## DATA TO PROCESS
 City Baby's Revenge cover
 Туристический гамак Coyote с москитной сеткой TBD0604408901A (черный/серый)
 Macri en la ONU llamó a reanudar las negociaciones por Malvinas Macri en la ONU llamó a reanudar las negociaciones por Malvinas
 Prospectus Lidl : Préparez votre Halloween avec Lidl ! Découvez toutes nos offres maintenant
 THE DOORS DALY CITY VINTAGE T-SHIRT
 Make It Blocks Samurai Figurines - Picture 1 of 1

--

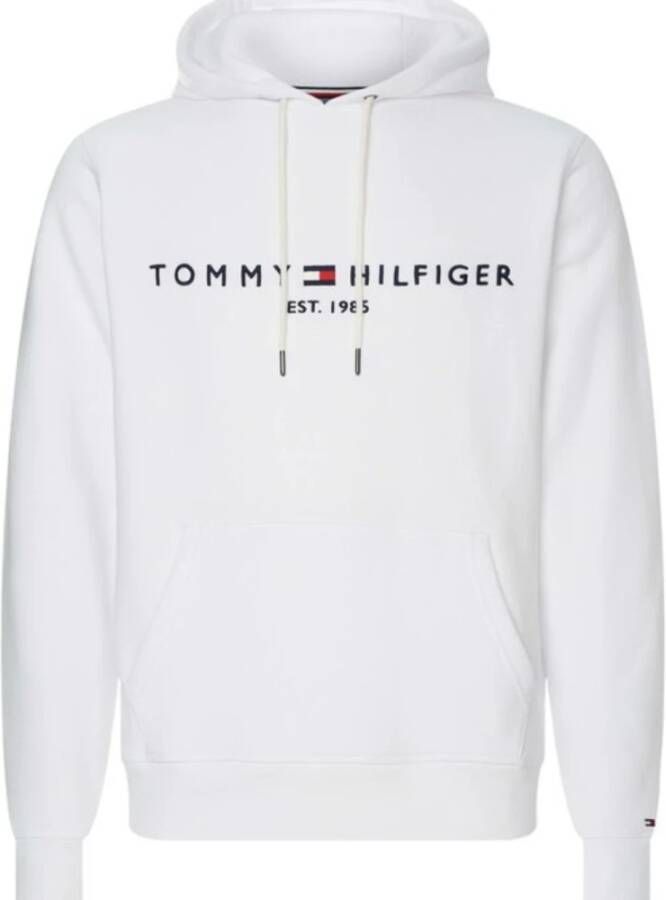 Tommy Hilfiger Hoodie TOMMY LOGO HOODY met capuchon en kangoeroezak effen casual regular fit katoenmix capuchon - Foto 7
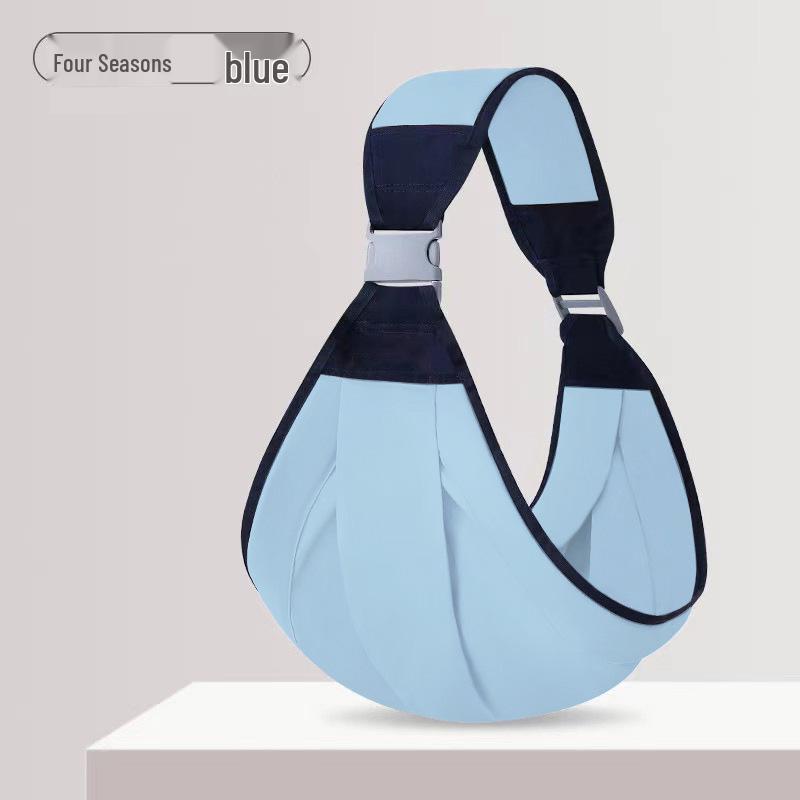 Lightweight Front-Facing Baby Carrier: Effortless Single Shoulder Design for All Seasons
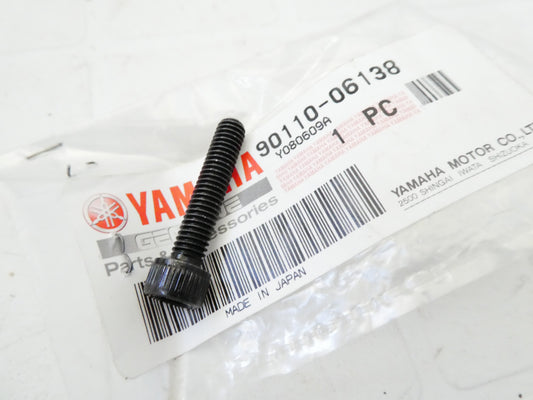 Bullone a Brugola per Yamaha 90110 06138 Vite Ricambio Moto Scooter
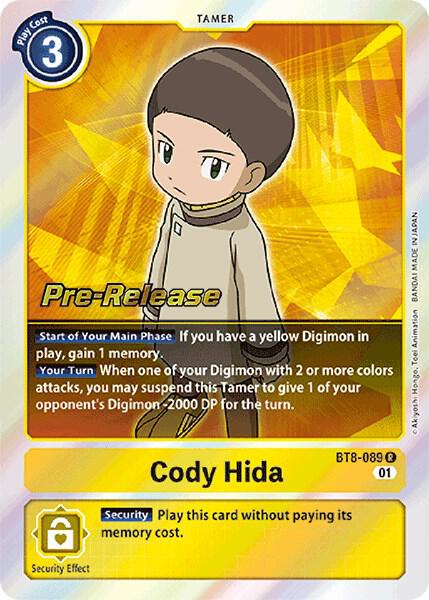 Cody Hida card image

## EXERCISE DETAILS
In the entries above, find the line holding "City Baby's Revenge cover" and the line holding "Make It Blocks", then retype exactly those two lines and every line between them, and nothing else.

## TASK ANSWER
 City Baby's Revenge cover
 Туристический гамак Coyote с москитной сеткой TBD0604408901A (черный/серый)
 Macri en la ONU llamó a reanudar las negociaciones por Malvinas Macri en la ONU llamó a reanudar las negociaciones por Malvinas
 Prospectus Lidl : Préparez votre Halloween avec Lidl ! Découvez toutes nos offres maintenant
 THE DOORS DALY CITY VINTAGE T-SHIRT
 Make It Blocks Samurai Figurines - Picture 1 of 1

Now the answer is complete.